Senator Beall’s contribution to the on-going Special Legislative Session for Transportation Funding is SBX 1-1, which calls for $4.3B in new taxes to mostly pay for road maintenance, but also contributes $300 million to the California Trade Corridor Improvement Plan. Beall has said specifically would like to see lanes added to the freeways serving the Port of Los Angeles using these funds. This won’t make him popular to Angelenos living along the Long Beach Freeway corridor.
Overall, this is a decent bill. 7% of these new funds are for new construction (the Trade Corridor Improvement Plan), while SBX 1-1 also contains important Complete Streets requirements for projects using these funds.

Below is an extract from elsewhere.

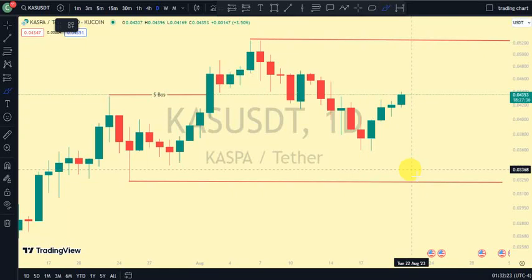Hey guys, welcome back to Clarity Chart Analysis. In this video I'll be using market structure to tell us our current position of Kusama on the price market chart, and also using market structure to predict the next possible move of Kusama. If you're new to this channel and you want to make money on both directions of the market and know our current position on the price chart, this channel is for you — please subscribe, like, and hit the notification bell.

While Democrats are inclined to pass SBX 1-1 and control both houses of the California Assembly, they don’t have the supermajority required to pass any tax measure in California. The opposing Republican transportation plan for California involves:
- SB X1-11 streamlines the build process by removing the CEQA requirement for an Environmental Impact Review (EIR) on projects that involve certain transportation infrastructure projects in an existing right-of-way;
- Huff’s SCA X1-1 Retricts borrowing against transportation taxes, and also limits funding available for mass transit projects; and
- Huff’s SB X1-2 would dedicate $1.4 billion in cap-and-trade “carbon tax” funds for road construction, because reducing congestion by adding lanes reduces per-vehicle greenhouse gas emissions, woo hoo!

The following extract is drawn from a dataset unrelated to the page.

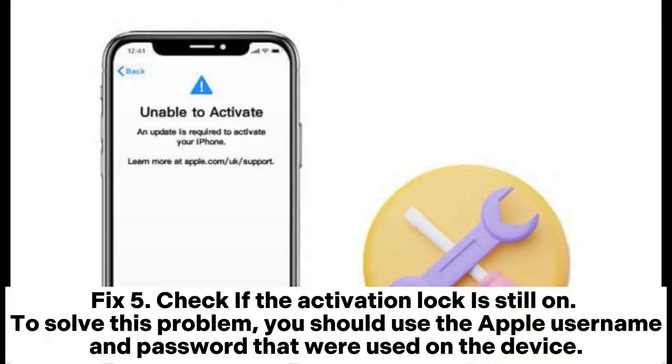Fix 5. Check if the activation lock is still on. To solve this problem, you should use the Apple username and password that were used on the device.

Regarding SB X1-2: Although engineers still talk about “congestion relief” when designing highway expansions, policy people at Caltrans and other state and Federal highway agencies have long acknowledged the reality of “induced demand,” which, in simple terms, is the idea that if you build it, they will come. SB 743, passed in 2013, directs agencies to examine impact on VMT as part of the CEQA process, and the current draft of this new guideline includes an entire section on induced travel. Currently, the only examination is a box on the CEQA checklist, and many planners routinely mark the “No Impact” box here.
There’s also some attention to more widespread acknowledgement that spending tens to hundreds of millions of dollars to add lanes and interchanges doesn’t improve travel times. The most recent iteration of environmental documents released for widening Highway 1 across Santa Cruz County doesn’t even mention congestion relief anymore — this is now a project to improve safety and encourage carpooling and transit.